Not only is the interpretive content made accessible to a historically marginalized community, but the experience is made rich and meaningful, facilitating the enjoyment and education of Warhol’s work by ISL signers, in their first language, without (critically) requiring they look away from the work as they receive the interpretation. This can be done at the same time as those receiving the interpretation in Italian via audio-guide interpretation. A meaningful project that was no doubt fun to produce and can be a great model for other GLAMs (galleries, libraries, archives, museums) to further iterate and build upon.

ISL signing actor made-up to look like the subject of an Andy Warhol art work. The work is highly stylized with boosted brightness and contrast reducing visual detail, and the actor is wearing a yellow sweater with black polkadots, green eye shadow, and set against a solid red background.
Italian Sign Language (ISL) fluent actors were made to resemble the subjects of Andy Warhol’s work so they could deliver seamless interpretation of his works via ISL without necessitating patrons look away from the art in order to view the interpretation.
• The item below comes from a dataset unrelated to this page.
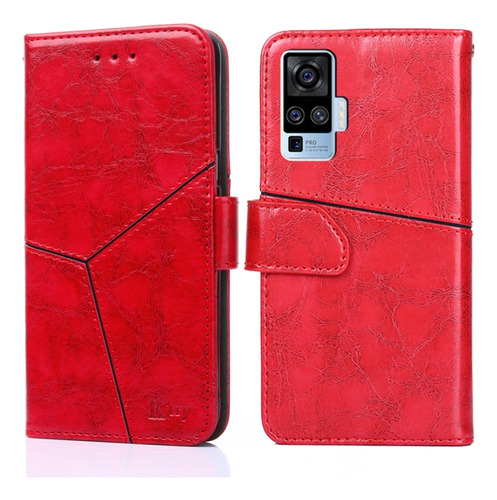 Funda De Piel Tpu + Pu Para Vivo X51 5g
Hanguel: Alphabet by Design

Literally sitting in the shadow of the National Museum of Korea is the National Hanguel Museum. Hanguel or Hangul is the Korean alphabet. The design story that is Hanguel should be a case study taught across all design disciplines.

The Hanja (Chinese) alphabet, or character set, numbers over 50,000 with each user knowing, on average, 8000 characters. This character set was in use by Koreans until the 15th Century when King Sejong designed Hanguel in an attempt to raise the very low literacy rates amongst the Korean population. Hanguel is the written Korean alphabet and was fully adopted as the national alphabet in 1894. It consists of 24 characters, based on 8 letter shapes mapped to the 5 basic mouth and tongue positions used by the vocal system for consonants, and 3 vowels representing the sky, the earth, and the human.
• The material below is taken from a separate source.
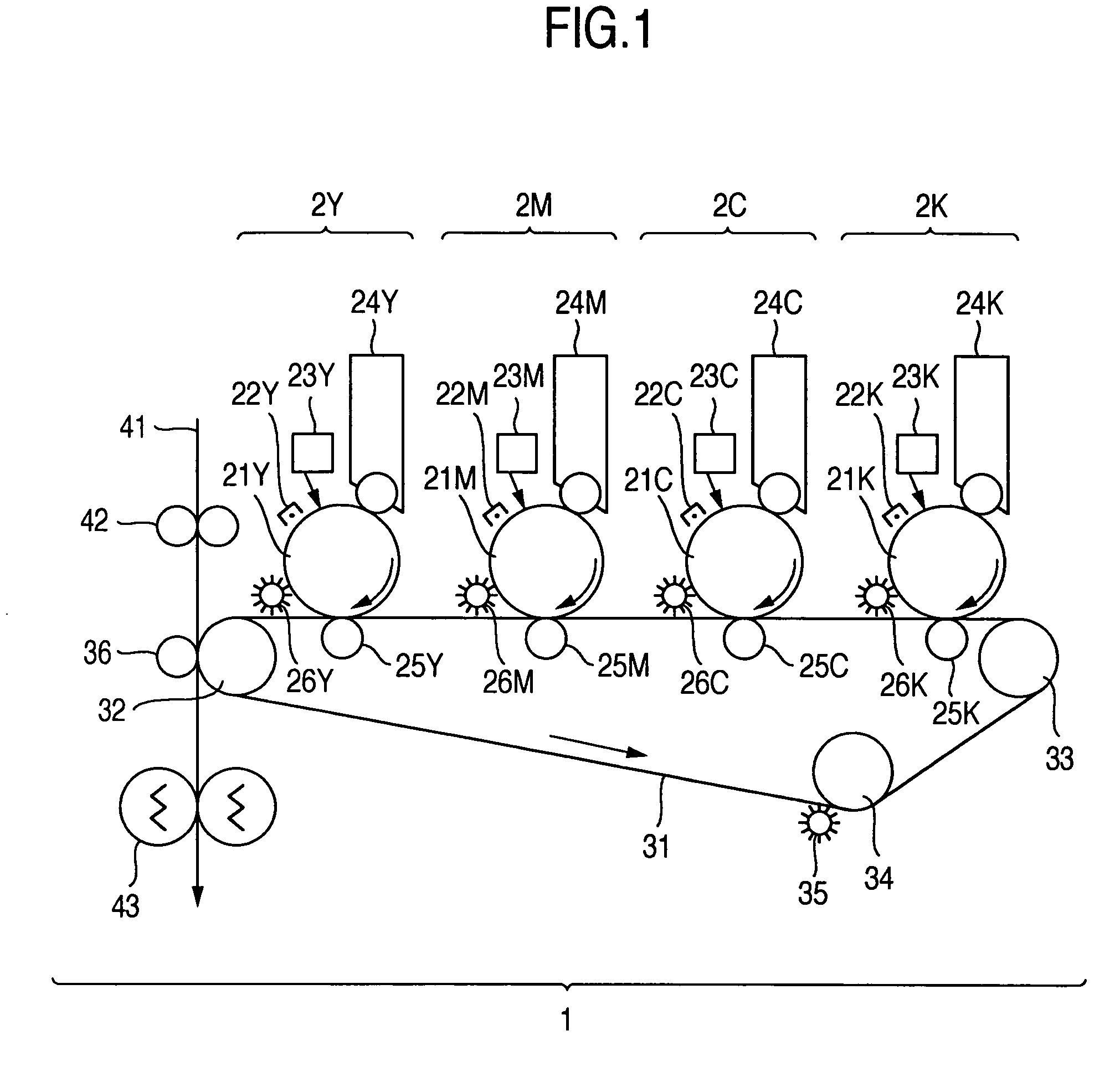 Rotary member driving mechanism, and image forming apparatus employing this mechanism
Translated into glyphs this alphabet is extremely easy to learn and use. The design and introduction of Hanguel has drastically increased literacy rates in Korea. Both South and North Korea now have literacy rates above 98%. This has no doubt played a key role in the unparalleled economic success, social development, and overall inclusive positioning of South Korea in such a short period (since the 1960s).